(Short web captions)
"""
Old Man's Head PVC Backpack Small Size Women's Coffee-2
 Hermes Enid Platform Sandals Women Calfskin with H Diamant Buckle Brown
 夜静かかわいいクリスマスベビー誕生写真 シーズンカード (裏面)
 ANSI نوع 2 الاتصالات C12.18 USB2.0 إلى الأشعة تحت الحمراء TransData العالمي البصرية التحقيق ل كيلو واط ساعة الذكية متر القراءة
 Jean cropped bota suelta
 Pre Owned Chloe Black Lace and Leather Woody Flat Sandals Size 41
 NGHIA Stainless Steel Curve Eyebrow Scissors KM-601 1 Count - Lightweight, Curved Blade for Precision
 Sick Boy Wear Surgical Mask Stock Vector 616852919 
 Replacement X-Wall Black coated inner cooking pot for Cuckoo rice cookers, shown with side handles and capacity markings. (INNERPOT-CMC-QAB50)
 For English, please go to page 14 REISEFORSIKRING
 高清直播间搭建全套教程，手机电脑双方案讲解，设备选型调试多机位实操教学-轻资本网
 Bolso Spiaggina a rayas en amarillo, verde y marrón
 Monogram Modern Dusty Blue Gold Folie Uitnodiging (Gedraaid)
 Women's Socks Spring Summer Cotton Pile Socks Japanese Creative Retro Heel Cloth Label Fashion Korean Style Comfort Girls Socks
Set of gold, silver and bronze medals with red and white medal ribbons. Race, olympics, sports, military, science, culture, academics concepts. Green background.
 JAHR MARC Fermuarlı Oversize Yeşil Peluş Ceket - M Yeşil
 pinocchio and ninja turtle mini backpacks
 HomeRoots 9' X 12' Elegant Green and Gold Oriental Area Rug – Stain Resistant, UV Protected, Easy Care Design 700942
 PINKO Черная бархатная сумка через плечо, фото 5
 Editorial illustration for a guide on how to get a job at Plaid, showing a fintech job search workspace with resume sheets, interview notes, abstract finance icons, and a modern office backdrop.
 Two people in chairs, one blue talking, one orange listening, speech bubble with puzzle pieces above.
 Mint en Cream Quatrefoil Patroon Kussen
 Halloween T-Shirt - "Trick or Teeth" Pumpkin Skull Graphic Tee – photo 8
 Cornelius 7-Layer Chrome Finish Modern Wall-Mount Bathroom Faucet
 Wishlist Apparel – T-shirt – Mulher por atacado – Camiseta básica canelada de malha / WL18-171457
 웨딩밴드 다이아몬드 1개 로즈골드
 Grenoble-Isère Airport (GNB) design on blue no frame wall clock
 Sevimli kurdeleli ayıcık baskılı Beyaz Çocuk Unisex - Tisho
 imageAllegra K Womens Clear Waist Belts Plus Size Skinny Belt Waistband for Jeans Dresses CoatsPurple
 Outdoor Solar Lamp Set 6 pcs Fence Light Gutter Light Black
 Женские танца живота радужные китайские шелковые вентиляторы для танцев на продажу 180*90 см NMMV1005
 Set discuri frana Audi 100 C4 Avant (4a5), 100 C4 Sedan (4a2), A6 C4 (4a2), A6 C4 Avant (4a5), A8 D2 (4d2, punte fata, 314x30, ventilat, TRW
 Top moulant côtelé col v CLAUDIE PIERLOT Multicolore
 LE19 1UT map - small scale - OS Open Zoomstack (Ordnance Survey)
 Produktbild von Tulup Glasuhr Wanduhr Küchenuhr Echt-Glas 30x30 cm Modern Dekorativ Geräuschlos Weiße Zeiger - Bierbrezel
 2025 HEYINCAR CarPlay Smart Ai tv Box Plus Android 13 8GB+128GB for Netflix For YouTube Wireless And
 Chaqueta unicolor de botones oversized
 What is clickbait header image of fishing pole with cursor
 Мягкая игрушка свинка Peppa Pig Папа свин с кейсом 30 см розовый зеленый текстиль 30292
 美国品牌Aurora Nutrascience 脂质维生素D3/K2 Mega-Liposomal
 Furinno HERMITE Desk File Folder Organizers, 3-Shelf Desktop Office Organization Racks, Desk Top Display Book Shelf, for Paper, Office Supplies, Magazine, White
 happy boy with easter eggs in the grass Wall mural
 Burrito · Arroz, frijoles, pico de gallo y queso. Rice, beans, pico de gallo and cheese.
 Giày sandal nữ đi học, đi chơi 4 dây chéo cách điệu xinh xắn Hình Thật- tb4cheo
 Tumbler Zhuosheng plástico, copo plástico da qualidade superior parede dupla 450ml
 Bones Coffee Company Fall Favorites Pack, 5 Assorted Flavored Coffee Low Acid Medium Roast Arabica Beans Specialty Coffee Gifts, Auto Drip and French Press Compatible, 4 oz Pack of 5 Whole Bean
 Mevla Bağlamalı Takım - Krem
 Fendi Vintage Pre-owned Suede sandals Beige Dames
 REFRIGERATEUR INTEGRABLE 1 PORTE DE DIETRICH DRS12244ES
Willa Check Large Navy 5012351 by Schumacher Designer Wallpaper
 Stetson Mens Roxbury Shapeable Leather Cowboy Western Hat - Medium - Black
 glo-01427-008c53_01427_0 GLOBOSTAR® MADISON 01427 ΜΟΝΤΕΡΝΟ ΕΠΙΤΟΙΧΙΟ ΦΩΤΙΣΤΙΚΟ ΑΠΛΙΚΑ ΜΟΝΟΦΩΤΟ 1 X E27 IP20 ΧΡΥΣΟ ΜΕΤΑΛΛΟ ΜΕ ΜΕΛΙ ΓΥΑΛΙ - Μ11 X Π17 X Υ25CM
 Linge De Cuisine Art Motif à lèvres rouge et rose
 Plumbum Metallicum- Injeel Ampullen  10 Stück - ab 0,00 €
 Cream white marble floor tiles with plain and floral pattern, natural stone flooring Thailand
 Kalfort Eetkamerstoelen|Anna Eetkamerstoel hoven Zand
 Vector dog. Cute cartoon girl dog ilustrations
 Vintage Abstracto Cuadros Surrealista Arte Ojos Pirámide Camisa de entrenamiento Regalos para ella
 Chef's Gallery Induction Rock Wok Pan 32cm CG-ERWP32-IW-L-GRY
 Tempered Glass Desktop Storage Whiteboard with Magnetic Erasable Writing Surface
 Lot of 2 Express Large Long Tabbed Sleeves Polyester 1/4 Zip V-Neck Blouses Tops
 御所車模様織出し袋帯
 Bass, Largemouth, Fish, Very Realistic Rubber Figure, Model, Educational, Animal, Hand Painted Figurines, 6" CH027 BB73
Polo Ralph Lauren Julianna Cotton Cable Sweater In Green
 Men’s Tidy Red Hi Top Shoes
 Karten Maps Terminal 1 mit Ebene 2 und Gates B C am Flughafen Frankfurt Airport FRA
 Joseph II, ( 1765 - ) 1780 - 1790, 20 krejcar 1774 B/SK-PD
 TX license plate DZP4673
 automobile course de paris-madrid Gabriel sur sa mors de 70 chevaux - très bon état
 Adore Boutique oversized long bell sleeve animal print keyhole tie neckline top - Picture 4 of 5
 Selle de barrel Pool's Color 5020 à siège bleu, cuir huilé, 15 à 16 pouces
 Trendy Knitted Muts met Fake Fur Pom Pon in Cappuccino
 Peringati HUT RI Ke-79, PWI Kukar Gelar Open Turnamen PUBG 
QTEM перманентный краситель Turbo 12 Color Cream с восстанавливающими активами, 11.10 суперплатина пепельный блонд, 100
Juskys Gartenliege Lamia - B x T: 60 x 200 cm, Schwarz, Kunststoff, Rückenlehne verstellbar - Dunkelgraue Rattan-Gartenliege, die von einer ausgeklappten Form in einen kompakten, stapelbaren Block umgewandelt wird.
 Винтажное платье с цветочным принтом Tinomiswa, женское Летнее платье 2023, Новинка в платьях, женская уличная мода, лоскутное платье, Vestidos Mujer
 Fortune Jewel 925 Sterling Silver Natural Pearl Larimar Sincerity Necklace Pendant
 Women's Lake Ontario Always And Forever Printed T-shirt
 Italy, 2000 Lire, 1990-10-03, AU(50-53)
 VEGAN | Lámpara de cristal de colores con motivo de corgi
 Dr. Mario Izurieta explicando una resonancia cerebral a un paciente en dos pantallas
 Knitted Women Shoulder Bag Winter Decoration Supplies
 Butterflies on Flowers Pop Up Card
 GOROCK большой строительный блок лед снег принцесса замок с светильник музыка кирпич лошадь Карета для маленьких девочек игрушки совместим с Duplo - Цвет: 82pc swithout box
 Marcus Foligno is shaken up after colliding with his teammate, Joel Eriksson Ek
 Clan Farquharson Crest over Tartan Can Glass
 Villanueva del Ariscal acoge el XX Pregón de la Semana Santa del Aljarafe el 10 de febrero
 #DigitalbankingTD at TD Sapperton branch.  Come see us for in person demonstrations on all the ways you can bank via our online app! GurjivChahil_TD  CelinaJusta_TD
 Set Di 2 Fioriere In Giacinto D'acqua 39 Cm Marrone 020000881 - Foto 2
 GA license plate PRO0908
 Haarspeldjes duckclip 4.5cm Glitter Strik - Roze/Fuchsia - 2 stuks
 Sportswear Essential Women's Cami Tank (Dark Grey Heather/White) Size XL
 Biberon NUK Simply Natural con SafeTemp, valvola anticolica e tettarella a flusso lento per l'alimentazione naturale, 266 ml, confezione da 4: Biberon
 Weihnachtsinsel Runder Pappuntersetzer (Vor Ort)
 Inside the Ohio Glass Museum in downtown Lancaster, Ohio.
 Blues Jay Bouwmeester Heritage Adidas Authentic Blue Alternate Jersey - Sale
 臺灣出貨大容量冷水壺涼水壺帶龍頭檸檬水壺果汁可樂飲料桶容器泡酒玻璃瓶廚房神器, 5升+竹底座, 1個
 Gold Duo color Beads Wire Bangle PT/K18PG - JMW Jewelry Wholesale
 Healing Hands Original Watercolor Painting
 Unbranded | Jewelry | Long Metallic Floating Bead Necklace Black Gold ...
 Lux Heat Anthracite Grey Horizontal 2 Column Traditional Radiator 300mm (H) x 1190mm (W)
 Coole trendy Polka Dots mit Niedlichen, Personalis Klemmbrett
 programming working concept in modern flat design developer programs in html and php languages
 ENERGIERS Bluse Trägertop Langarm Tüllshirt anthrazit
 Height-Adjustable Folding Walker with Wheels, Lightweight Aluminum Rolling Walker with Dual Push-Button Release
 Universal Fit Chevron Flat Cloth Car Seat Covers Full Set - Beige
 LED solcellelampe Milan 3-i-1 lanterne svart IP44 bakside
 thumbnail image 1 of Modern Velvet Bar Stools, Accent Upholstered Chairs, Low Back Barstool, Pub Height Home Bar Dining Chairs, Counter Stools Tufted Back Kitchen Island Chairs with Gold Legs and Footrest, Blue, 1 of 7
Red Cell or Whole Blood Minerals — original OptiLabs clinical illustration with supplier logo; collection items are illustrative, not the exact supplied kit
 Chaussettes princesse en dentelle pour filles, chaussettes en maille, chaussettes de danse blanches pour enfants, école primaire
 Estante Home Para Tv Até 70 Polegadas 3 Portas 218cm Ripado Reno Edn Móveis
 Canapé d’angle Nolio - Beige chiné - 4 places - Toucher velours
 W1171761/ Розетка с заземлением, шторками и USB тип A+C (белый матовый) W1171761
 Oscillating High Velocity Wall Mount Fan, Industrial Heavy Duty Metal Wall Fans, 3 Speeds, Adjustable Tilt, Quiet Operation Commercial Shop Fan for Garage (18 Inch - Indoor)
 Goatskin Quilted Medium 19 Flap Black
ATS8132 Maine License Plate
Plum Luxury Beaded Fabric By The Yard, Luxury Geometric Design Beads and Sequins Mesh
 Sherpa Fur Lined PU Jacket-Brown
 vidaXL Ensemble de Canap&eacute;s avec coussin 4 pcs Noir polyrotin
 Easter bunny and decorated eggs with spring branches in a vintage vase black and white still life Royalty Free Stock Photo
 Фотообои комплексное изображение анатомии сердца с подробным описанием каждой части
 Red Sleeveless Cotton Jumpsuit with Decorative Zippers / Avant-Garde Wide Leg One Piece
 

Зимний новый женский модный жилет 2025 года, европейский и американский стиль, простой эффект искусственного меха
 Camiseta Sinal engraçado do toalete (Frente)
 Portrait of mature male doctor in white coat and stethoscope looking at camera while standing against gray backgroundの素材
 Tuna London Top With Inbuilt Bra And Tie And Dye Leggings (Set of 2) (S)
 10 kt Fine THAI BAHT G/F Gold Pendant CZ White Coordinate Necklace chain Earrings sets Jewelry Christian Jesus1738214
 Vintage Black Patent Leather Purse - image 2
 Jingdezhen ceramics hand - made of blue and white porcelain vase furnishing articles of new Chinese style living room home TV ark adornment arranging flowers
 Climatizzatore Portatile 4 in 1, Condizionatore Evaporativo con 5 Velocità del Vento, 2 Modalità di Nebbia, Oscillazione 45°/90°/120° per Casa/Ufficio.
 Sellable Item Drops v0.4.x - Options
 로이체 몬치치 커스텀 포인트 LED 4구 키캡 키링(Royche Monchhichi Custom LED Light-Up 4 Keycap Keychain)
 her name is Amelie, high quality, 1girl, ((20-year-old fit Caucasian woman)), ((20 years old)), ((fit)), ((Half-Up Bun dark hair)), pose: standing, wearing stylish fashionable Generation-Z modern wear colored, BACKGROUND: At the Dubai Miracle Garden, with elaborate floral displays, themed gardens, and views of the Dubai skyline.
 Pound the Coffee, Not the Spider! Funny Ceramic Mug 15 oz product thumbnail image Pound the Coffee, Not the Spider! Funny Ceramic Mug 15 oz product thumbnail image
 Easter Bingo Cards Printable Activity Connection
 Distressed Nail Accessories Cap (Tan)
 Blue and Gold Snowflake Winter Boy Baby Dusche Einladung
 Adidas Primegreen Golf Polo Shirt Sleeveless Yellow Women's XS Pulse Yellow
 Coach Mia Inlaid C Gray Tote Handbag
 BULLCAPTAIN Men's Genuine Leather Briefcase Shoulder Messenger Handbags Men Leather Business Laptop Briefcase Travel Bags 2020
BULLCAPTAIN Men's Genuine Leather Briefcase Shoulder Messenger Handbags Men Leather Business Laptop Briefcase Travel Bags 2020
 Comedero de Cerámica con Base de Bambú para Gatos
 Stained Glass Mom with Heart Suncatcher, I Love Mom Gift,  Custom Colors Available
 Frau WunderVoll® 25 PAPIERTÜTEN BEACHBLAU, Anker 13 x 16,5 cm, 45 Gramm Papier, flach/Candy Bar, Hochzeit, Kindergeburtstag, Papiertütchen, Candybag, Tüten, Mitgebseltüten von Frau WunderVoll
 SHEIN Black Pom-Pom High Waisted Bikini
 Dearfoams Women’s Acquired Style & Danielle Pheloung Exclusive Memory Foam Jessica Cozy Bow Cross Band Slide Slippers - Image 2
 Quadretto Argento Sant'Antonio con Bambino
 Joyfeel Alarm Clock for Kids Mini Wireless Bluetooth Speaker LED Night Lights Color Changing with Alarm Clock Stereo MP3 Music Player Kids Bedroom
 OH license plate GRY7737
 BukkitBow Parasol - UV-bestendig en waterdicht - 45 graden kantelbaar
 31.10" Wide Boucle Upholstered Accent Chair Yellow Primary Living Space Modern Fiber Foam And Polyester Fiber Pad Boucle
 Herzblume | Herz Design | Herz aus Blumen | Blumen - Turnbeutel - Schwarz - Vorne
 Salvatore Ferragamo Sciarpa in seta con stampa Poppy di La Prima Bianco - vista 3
"""
There is a run of lines above from the one with "Jingdezhen ceramics hand" to the one with "her name is"; print exactly that run, both ends included, and nothing else.

 Jingdezhen ceramics hand - made of blue and white porcelain vase furnishing articles of new Chinese style living room home TV ark adornment arranging flowers
 Climatizzatore Portatile 4 in 1, Condizionatore Evaporativo con 5 Velocità del Vento, 2 Modalità di Nebbia, Oscillazione 45°/90°/120° per Casa/Ufficio.
 Sellable Item Drops v0.4.x - Options
 로이체 몬치치 커스텀 포인트 LED 4구 키캡 키링(Royche Monchhichi Custom LED Light-Up 4 Keycap Keychain)
 her name is Amelie, high quality, 1girl, ((20-year-old fit Caucasian woman)), ((20 years old)), ((fit)), ((Half-Up Bun dark hair)), pose: standing, wearing stylish fashionable Generation-Z modern wear colored, BACKGROUND: At the Dubai Miracle Garden, with elaborate floral displays, themed gardens, and views of the Dubai skyline.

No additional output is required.